Look through the material below for "vector". Copy every line that contains it.

[[ SOURCE RECORDS open ]]

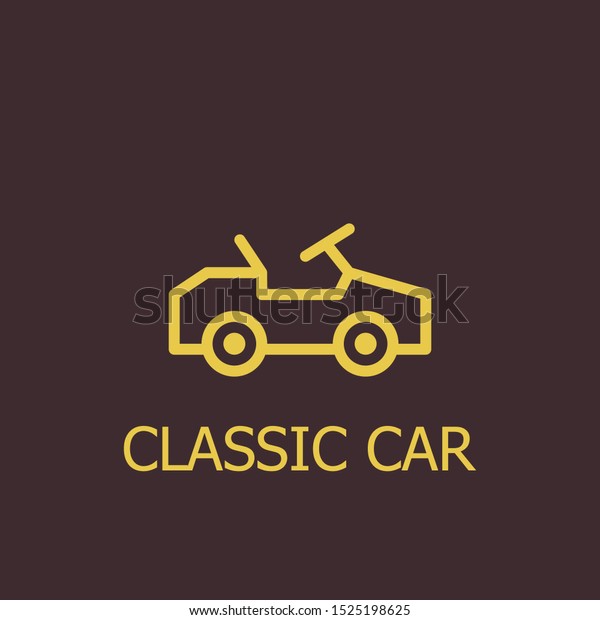Outline classic\
car vector icon. Classic car illustration for web, mobile apps,\
design. Classic car vector\
symbol.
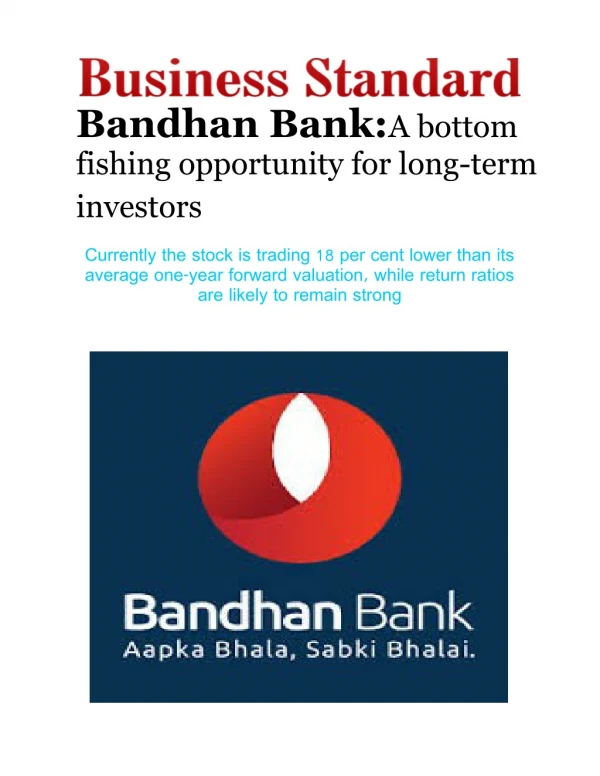 Bandhan Bank-A Bottom Fishing Opportunity for Long-term Investors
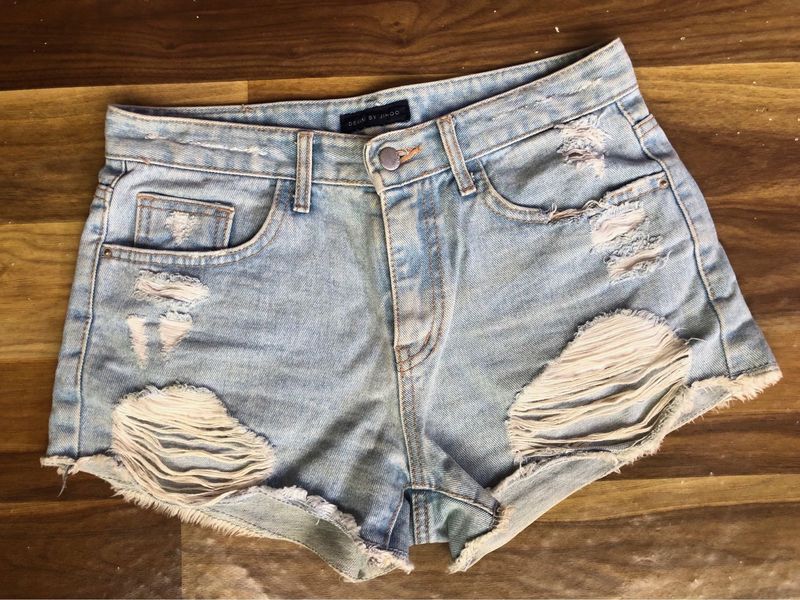 Distressed Light Wash Denim Shorts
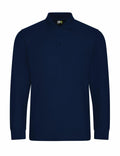 The RX102 from ProRTX is a plain navy blue long-sleeve polo shirt featuring a collar and three buttons, shown against a white background.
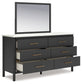 Cadmori King Upholstered Panel Bed with Mirrored Dresser, Chest and Nightstand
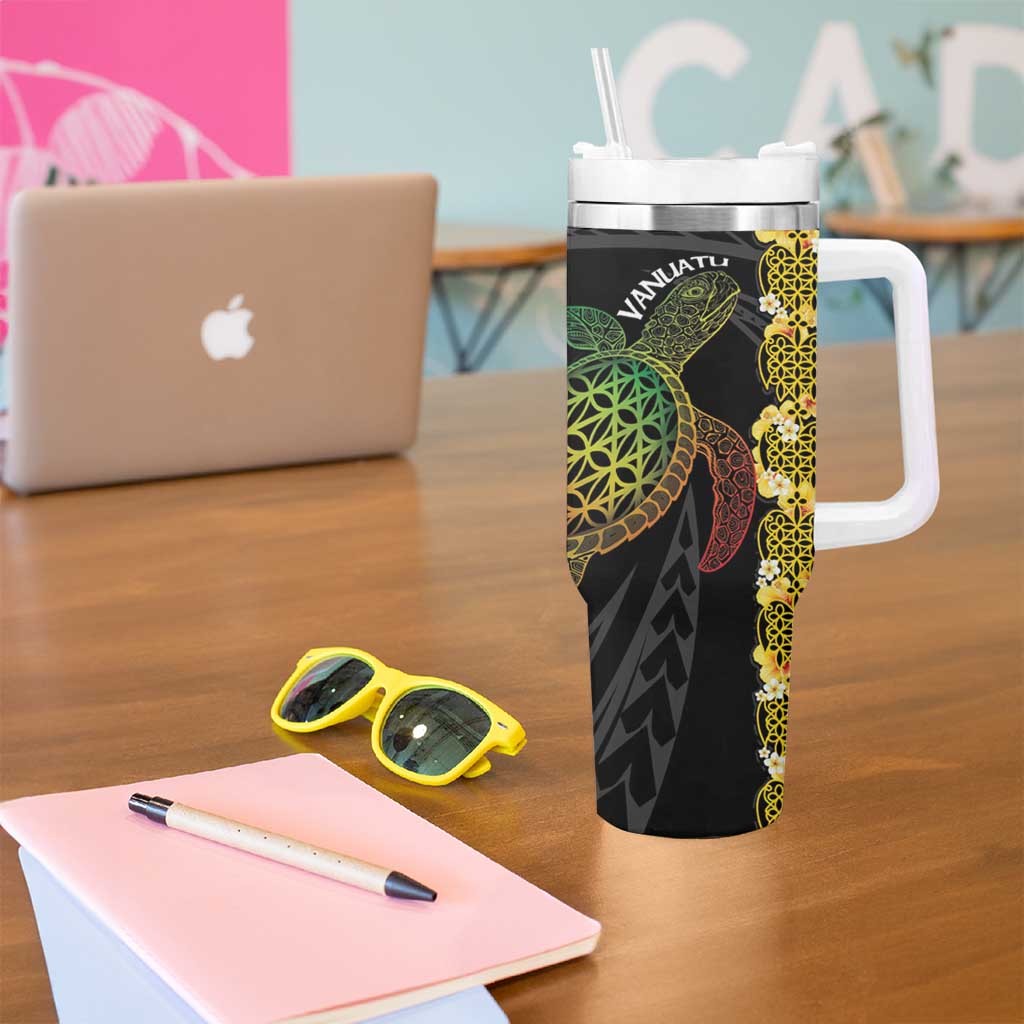 Vanuatu Sand Drawing Turtle Tumbler With Handle Happy Independence Day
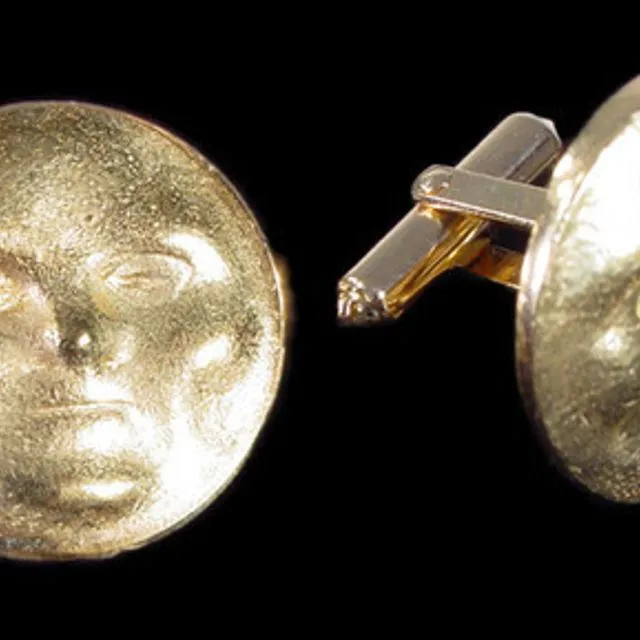 Someone to Watch Over Me-Sun/ Moon Cufflinks-18K gold with diamond eyes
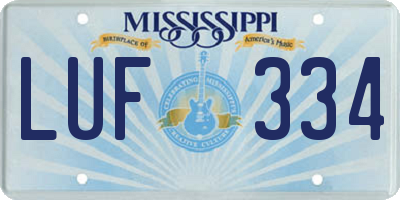 MS license plate LUF334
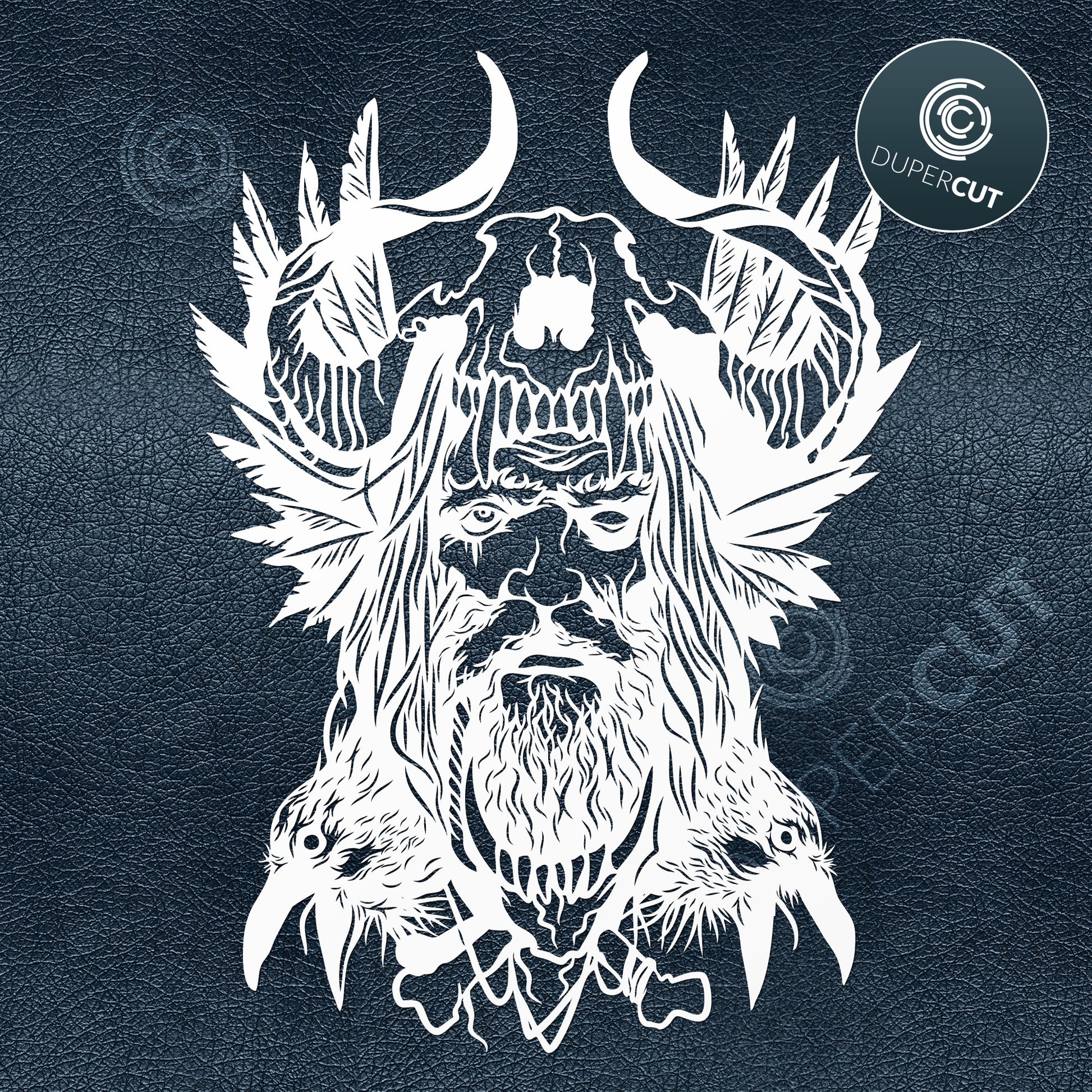 Viking gothic black and white design. Paper cutting template SVG PNG DXF files. For DIY projects Cricut, Glowforge, Silhouette Cameo, CNC Machines.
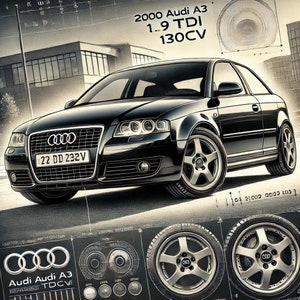 以下が含まれることがあります： シルバーリムの黒い2000 Audi A3 1.9 TDI 130CV車。画像には、車のフロント、側面、ホイールの詳細、および「2000 Audi A3 1.9 TDI 130CV」というテキストとナンバープレート「22 DD 232V」が含まれています。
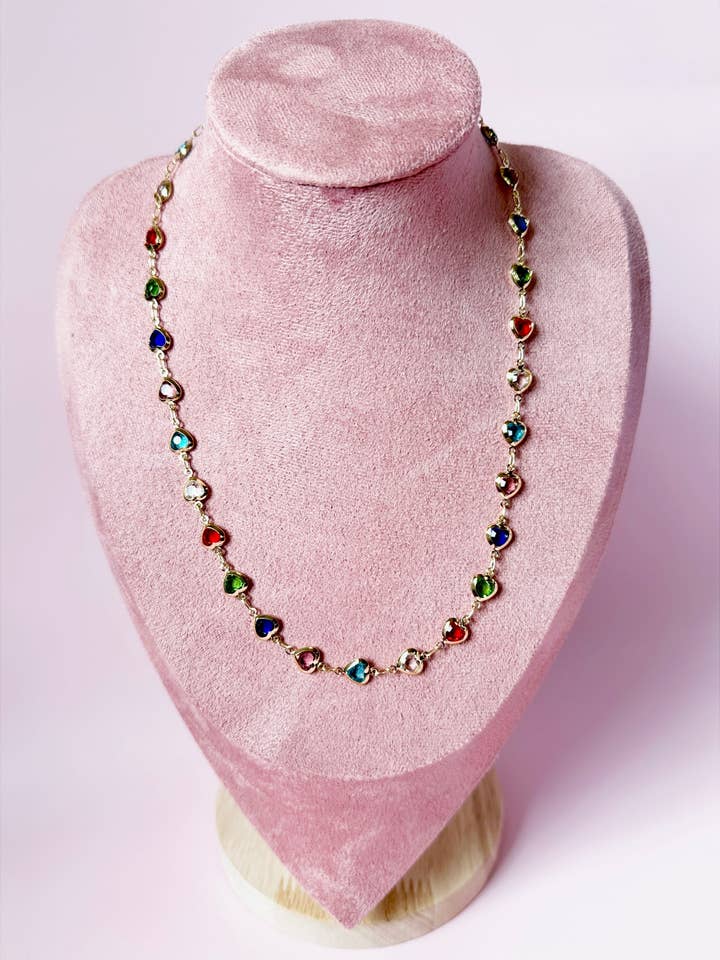 Rainbow Heart Necklace for wholesale by Sandy + Rizzo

[[ SOURCE RECORDS closed ]]

# TASK OUTPUT
car vector icon. Classic car illustration for web, mobile apps,\
design. Classic car vector\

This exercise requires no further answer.